[Data shown]:

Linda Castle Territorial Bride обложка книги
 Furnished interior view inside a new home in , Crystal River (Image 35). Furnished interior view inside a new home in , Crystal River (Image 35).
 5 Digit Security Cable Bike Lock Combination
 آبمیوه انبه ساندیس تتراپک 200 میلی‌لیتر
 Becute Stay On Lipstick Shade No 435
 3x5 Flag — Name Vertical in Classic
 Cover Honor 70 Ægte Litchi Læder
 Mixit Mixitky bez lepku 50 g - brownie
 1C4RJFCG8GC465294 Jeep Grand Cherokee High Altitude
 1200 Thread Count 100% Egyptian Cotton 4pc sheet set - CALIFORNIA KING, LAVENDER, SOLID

[What is expected]: Copy out only the lines of the records above from the one with "(Image 35). Furnished" through the one with "Cover Honor 70 Ægte Litchi Læder", exactly as they stand, both included.

[Reply]:
 Furnished interior view inside a new home in , Crystal River (Image 35). Furnished interior view inside a new home in , Crystal River (Image 35).
 5 Digit Security Cable Bike Lock Combination
 آبمیوه انبه ساندیس تتراپک 200 میلی‌لیتر
 Becute Stay On Lipstick Shade No 435
 3x5 Flag — Name Vertical in Classic
 Cover Honor 70 Ægte Litchi Læder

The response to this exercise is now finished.